Aku memberitahu kepada ibu dan ayah
tiriku bahwa aku mendapatkan beasiswa penuh untuk kuliah jadi mereka tidak
perlu mengeluarkan biaya sepeserpun untukku nanti. Namun mereka tetap
bersikeras, menurut mereka jika aku kuliah maka rumah ini tidak ada yang
mengurus. Tapi aku mecoba terus membujuknya dan terus membujuknya. Akhirnya aku di perbolehkan.

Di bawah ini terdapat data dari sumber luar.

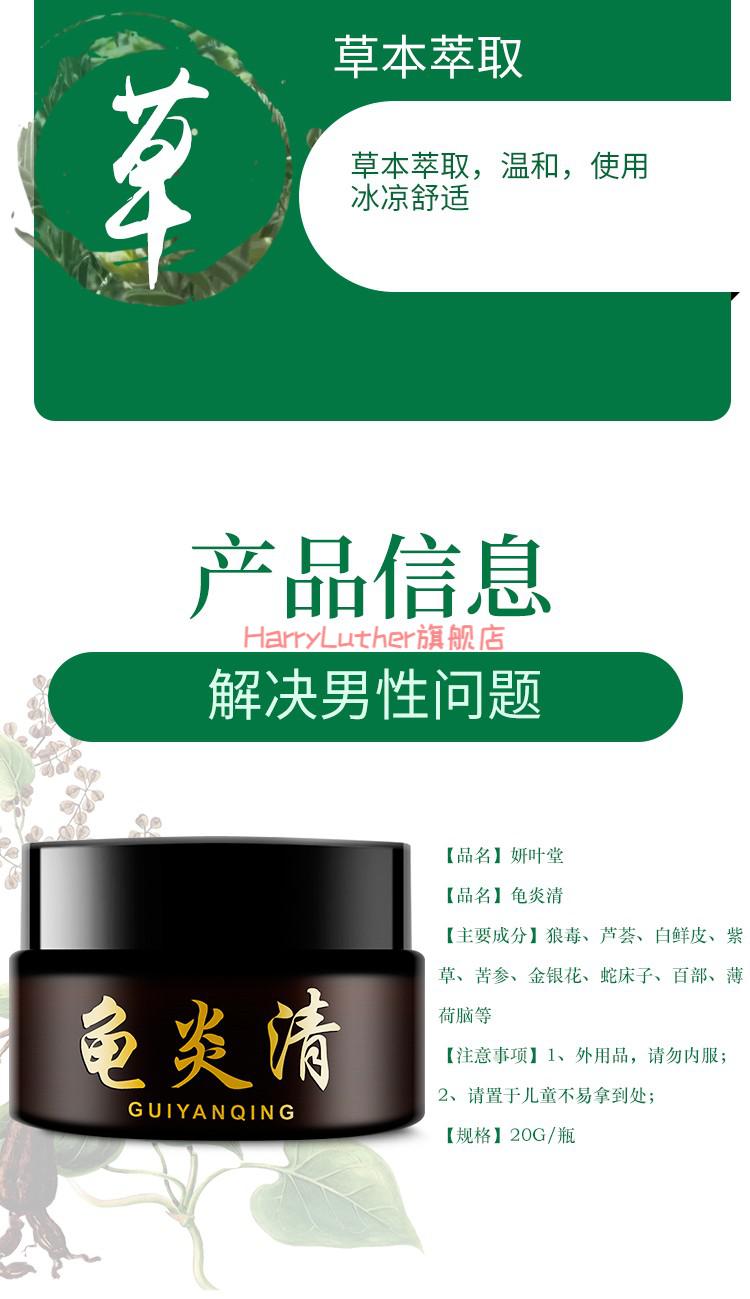 珍珠疹用什么药膏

Sebenarnya aku khawatir dengan
adikku, aku takut adikku sepertiku jika ditinggal, tapi aku tidak mungkin
membawanya. Akhirnya aku memutuskan untuk meninggalkannnya. Sebelum pergi aku berpamintan
padanya, aku memeluknya, menciumnya. Tak terasa air mataku keuar aku tak bisa
menahannya.
“Dek, baik-baik yah kakak mau
sekolah dulu, adek jangan nakal, rajin sekolahnya, belajar yang rajin, jangan
males nanti di marahin ibu sama ayah loh” sambil memeluknya aku berpesan
kepadanya lalu aku menciumnya melihat sorot matanya yang masih teramat polos.
“Kakak ke sekolah bawa tasnya banyak
banget? Kakak ga lamakan?” adikku bertanya melihatku dengan tatapan matanya
yang polos.
“tunggu kakak ya dek, kakak ga lama
ko” air mataku akhirnya bertambah banyak dan
isak tangisku terdengar sampai adikku bertanya.

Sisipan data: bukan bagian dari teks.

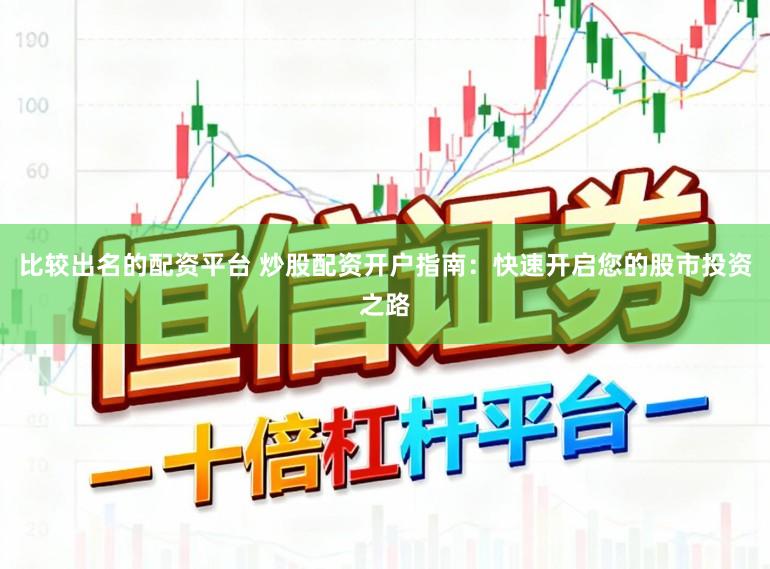 比较出名的配资平台 炒股配资开户指南：快速开启您的股市投资之路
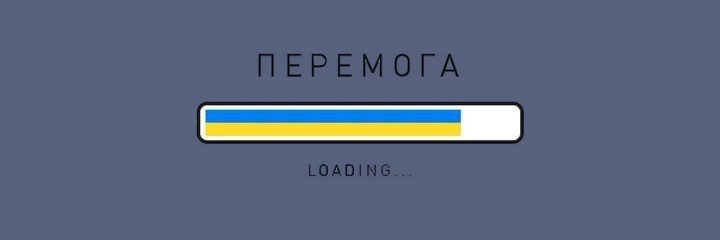 ♡Зірка♡'s banner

“kakak ko nangis? Kakak mau
ninggalin ade yah kayak ibu sama ayah? Ade ga mau di tinggalin kaaaak” adikku
ikut menangis. Aku tak menyangka ternyata dia tahu bahwa dia telah ditinggalkan
ibu, ayah dan sekarang oleh ku. Aku memeluknya erat-erat, dan terakhir aku
mencium keningnya. Aku melepaskan pelukanku dan berbalik berjalan tanpa menoleh
aku takut jika aku menoleh kebelakang aku akan berubah pikiran. Yang terdengar hanya tangisan adikku yang
berteriak kakak ikut.. kakak ikut... ade pengen ikut..

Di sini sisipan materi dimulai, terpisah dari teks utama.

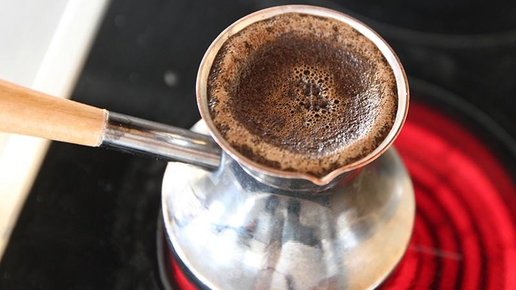 Картинка: Правильная заварка кофе в турке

Tunggu kakak yah dek, kakak tidak
akan lama. Kakak akan balik lagi ngambil kamu dari mereka, terus nanti kita
hidup berdua tanpa mereka. Kita akan hidup bahagia. Setelah kakak pulang nanti
kakak akan membelikan apa saja yang kamu inginkan, membahagiakan kamu,
membesarkanmu dengan kasih sayang. Bertahan ya dek, kakak akan kembali. Tangisku
tak tertahan aku sangat sedih aku tidak bisa memikirkan bagaimana adikku akan
diperlakukan oleh mereka. Tapi bagaimanapun hanya ini caranya supaya aku bisa keluar dan kembali
dengan kehidupan yang lebih baik.
v
Di sini di kota ini aku merajut
mimpi-mimpiku, kebahagianku kelak nanti bersama adikku. Aku akan
bersungguh-sungguh. Kelak setelah lulus aku akan bekerja dan membahagiakan
adikku. Setiap kuliah aku berjalan kaki, tempat aku tinggal di kota ini tidak
jauh dari kampus, jadi aku sering berjalan kaki. Setiap pulang kuliah aku
menyusuri jalan ini jika malam hari jalan ini sangat ramai dan menyenangkan.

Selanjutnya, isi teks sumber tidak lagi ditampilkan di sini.